All is not lost, though.
Several sources are now reporting that Facebook may already be over the 499-investor limit threshold that requires public disclosure. If this is true, Goldman and Facebook could both be dragged kicking and screaming into a hostile court of public opinion that will highlight just how stacked the deck is.
And speaking of stacked decks, let’s talk about conflicts of interest for a minute. According to the one page investment profile Goldman sent to its wealthiest clients, “GS Group may at any time further reduce its exposure to its investment in Facebook without notice to the fund or investors in the fund.”
If that’s not a conflict of interest, I don’t know what is.
This clause would allow Goldman to hedge or trade against the very same clients it’s now putting into the deal.

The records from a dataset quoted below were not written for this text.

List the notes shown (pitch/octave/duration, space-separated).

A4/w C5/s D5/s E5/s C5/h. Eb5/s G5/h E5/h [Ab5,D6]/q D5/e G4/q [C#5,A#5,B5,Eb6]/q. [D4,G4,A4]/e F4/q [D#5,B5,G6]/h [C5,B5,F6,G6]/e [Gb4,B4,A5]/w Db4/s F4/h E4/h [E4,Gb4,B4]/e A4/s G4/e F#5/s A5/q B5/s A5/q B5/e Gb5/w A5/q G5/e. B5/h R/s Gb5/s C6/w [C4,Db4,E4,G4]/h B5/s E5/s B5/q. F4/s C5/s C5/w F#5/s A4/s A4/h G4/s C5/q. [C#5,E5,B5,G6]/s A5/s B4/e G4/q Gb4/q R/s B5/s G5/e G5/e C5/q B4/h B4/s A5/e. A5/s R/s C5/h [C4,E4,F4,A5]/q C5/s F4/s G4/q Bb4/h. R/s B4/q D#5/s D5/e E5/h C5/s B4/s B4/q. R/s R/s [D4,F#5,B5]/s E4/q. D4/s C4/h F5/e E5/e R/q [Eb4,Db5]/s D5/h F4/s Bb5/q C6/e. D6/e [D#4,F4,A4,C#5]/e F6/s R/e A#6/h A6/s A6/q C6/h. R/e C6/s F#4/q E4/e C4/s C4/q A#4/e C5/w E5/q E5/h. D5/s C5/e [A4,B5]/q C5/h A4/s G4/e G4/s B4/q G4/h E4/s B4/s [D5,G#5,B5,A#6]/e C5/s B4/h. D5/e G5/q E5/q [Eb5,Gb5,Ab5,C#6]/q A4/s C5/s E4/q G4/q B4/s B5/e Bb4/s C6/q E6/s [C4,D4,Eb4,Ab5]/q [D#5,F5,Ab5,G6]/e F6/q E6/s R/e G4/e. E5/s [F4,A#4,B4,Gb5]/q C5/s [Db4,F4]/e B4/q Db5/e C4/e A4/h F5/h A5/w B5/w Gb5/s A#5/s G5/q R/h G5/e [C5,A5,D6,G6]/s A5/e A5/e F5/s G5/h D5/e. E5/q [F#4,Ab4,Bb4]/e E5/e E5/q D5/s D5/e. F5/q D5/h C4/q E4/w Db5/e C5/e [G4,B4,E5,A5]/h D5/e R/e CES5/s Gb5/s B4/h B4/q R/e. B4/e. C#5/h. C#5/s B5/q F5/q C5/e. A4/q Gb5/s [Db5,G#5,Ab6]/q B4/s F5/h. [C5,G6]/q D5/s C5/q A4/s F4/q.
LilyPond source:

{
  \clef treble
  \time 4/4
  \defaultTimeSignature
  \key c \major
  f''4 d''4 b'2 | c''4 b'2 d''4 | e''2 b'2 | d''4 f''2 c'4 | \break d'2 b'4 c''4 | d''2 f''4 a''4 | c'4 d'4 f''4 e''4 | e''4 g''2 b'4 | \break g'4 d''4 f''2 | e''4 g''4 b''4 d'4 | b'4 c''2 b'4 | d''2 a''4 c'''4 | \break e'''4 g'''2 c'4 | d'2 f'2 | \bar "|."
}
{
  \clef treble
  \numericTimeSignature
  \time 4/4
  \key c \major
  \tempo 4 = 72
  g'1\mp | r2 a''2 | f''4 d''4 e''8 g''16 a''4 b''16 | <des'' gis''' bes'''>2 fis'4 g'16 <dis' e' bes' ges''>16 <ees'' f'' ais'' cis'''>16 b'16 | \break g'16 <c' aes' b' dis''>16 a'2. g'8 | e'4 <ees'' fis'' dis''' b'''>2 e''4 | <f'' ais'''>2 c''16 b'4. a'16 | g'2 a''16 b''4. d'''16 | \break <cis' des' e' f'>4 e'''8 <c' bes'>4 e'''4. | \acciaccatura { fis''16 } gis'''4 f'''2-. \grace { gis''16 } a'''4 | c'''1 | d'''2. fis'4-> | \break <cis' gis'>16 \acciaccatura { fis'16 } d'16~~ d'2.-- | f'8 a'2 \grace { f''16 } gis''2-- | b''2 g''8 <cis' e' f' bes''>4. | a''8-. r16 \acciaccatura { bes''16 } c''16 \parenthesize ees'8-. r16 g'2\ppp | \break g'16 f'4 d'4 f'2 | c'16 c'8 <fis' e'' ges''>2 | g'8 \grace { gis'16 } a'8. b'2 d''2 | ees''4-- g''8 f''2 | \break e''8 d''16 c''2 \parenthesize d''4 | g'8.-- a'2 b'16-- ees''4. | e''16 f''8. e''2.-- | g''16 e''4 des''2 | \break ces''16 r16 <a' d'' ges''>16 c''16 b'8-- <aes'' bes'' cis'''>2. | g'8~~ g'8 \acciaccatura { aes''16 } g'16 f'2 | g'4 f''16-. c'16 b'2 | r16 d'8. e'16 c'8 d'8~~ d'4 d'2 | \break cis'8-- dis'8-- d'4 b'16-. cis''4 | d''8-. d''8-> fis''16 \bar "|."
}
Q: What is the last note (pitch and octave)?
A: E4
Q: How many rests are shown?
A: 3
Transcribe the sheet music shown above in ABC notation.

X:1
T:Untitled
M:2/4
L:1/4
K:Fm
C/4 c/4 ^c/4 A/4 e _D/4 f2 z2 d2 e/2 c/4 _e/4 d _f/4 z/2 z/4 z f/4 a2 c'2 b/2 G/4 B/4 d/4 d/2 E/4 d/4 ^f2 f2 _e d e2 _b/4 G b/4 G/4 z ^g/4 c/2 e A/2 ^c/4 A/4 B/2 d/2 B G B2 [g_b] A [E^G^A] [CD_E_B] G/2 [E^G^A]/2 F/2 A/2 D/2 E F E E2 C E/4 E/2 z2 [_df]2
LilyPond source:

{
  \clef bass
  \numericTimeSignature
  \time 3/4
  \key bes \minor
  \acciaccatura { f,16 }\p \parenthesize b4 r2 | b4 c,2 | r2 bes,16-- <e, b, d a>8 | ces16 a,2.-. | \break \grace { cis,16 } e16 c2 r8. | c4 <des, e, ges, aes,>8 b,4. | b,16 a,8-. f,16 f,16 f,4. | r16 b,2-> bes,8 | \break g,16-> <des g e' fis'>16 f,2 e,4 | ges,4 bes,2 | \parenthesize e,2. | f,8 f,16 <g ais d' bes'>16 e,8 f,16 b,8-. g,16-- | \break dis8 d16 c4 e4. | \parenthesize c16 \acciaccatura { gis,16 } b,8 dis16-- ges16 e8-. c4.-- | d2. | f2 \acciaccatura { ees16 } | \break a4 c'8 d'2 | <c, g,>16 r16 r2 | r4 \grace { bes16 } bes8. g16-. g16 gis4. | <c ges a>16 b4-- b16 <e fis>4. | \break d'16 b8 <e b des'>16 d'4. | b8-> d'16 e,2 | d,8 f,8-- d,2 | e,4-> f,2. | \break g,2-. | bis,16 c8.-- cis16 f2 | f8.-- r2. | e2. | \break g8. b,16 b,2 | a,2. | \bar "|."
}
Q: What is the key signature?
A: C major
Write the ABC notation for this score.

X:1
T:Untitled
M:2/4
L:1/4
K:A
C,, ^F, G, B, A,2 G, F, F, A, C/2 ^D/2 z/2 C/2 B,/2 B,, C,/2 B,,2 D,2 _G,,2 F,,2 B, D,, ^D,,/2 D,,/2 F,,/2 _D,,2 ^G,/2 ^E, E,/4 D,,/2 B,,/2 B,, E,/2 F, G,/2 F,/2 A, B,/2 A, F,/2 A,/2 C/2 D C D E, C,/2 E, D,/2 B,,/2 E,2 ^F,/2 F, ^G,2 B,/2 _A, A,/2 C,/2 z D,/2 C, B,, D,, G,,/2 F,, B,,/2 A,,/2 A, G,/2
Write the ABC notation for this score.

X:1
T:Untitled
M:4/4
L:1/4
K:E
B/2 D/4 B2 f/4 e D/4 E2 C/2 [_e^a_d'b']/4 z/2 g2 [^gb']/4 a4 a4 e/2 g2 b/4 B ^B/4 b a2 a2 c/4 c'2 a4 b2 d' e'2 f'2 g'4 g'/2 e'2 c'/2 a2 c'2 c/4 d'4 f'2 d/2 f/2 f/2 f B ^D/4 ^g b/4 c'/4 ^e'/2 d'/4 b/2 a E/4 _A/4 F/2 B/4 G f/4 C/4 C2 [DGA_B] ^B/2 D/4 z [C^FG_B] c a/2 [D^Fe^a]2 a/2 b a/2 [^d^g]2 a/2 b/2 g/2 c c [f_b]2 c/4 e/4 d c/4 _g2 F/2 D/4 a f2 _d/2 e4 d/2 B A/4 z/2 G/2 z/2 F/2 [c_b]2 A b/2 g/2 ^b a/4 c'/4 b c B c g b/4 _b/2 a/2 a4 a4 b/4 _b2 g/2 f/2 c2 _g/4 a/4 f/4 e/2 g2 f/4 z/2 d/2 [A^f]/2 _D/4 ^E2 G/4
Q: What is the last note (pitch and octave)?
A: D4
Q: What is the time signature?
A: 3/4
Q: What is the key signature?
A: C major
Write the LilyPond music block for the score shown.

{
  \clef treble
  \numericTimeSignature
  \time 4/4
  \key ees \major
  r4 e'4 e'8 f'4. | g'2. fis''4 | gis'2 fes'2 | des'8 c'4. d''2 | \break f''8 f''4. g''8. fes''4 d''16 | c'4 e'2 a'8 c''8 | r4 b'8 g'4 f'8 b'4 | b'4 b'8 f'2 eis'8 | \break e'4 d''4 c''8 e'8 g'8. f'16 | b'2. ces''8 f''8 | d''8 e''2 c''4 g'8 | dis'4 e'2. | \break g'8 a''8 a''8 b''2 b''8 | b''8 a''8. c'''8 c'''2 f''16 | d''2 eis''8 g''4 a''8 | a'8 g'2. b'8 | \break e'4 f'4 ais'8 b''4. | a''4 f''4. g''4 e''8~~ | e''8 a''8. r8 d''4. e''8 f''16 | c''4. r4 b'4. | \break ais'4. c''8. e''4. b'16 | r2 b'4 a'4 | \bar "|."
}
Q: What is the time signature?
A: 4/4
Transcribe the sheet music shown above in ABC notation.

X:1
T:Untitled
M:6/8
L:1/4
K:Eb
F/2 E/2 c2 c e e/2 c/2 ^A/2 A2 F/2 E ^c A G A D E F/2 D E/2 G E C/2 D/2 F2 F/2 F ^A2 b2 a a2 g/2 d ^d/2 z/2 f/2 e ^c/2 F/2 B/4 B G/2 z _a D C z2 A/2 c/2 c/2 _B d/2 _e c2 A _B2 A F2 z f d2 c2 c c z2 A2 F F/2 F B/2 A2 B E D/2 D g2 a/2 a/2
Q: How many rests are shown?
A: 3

That, in turn, means the firm can exit or burn the house down without warning!
Of course, I love the small print, which also states that the content of the offering “is not guaranteed as to accuracy or completeness.” Maybe that’s why there’s another line near the very bottom that advises potential clients: “Do not contact Facebook.”
Could you imagine investing your hard earned money into a prospective stock offering and agreeing not to talk to the issuer to do due diligence? What ever happened to the Prudent Man Test – or at the very least common sense?
Sadly, though, my guess is that Goldman will find a way to steer clear of the entire shooting match at all costs to avoid disclosing its business practices – the same way it paid a $550 million fine last year to settle charges of securities fraud related to mortgage investments.
Incidentally, the SEC was very proud of its pound of flesh and the $550 million penalty –apparently they didn’t realize that Goldman booked more than $13 billion in the process.